During resuscitation, pharmacotherapy has the task of increasing blood flow to important organs (heart, brain) and inducing the restoration of circulation (return of spontaneous circulation, ROSC). So far, no clinical study has shown an increase of successful survival of patients where pharmacotherapy was used during resuscitation (although there is a slight positive inclination). The main benefit of pharmacotherapy is its positive effect on ROSC, which is sufficiently proven. The pharmacotherapy procedures presented here are general and it should be noted that for specific cases it is appropriate to consider other possible pharmacotherapeutic solutions. The administration of drugs must not result in a delay in indirect cardiac massage.
Possible methods of drug administration during an emergency resustitation[edit | edit source]
Intravenous (peripheral) administration (iv)[edit | edit source]
In the field, this is the optimal choice for drug administration. Each dose of the drug should be followed by a bolus of 20 ml of liquid, accelerating its transport to the central riverbed.
Central venous catheter[edit | edit source]
Theoretically, it will allow a faster effect of the drug, but it can be a contraindication to fibrinolytic therapy, regardless of the difficulty of its insertion.
Intraosseous (IO) administration[edit | edit source]
This method of drug administration is recommended if it cannot be done in the iv application as well. In this case, the dosage and the effects of the drugs are comparable to iv application.
Endotracheal administration[edit | edit source]
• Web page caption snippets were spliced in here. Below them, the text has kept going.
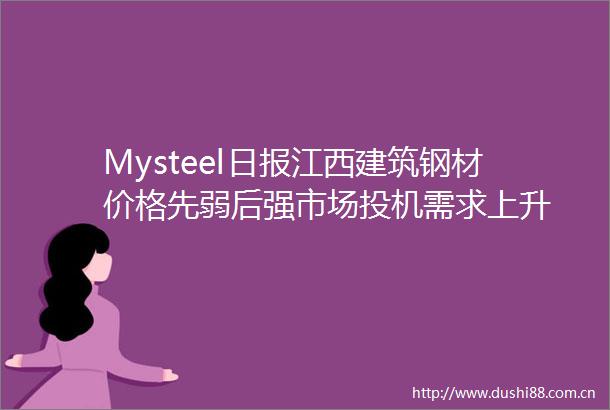 Mysteel日报江西建筑钢材价格先弱后强市场投机需求上升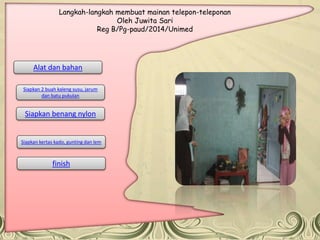 Alat dan bahan
Siapkan 2 buah kaleng susu, jarum
dan batu pukulan
Siapkan benang nylon
Siapkan kertas kado, gunting dan le...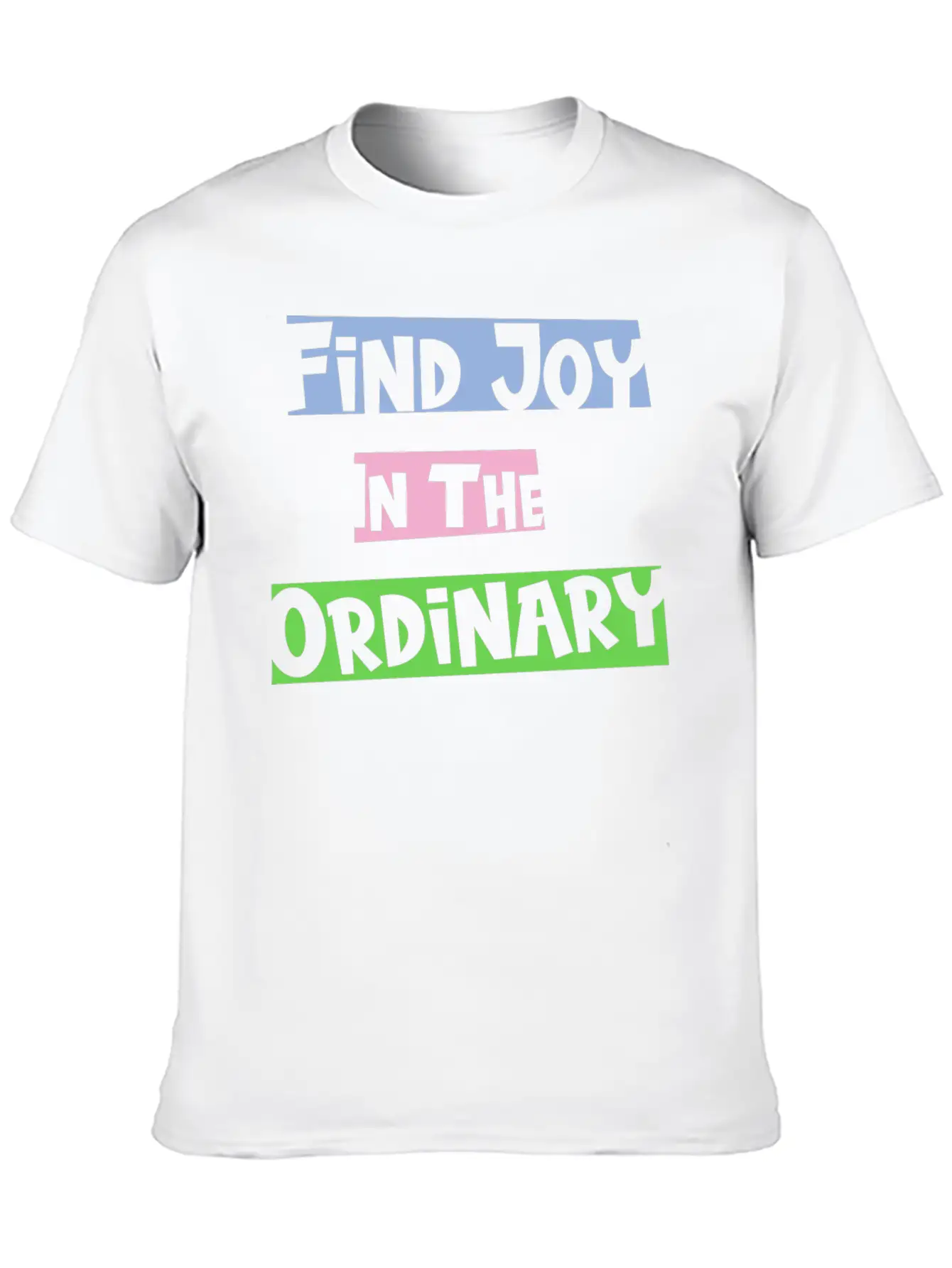 Find Joy In The Ordinary, Inspirational Quote Timeless Short Sleeve Tee – Comfy And Minimalist Design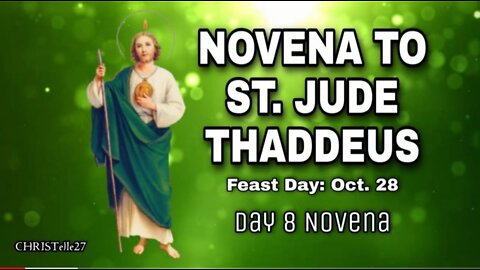 NOVENA TO ST. JUDE THADDEUS : Day 8 (Patron Saint of the Impossible)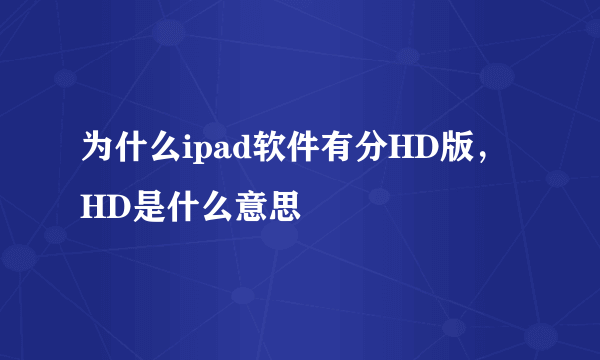 为什么ipad软件有分HD版，HD是什么意思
Administration is done through an endotracheal tube. The drugs adrenaline, vasopressin, lidocaine, atropine and naloxone have been demonstrably absorbed through the trachea. The necessary data are not available for amiodarone. In the case of endotracheal administration, the dosage should be increased by 2-2.5x and the dose should be diluted in 5-10 ml of sterile water. Current Guidelines for Cardiopulmonary Resuscitation do not recommend endotracheal administration. Intraosseous (IO) administration also comes to the fore.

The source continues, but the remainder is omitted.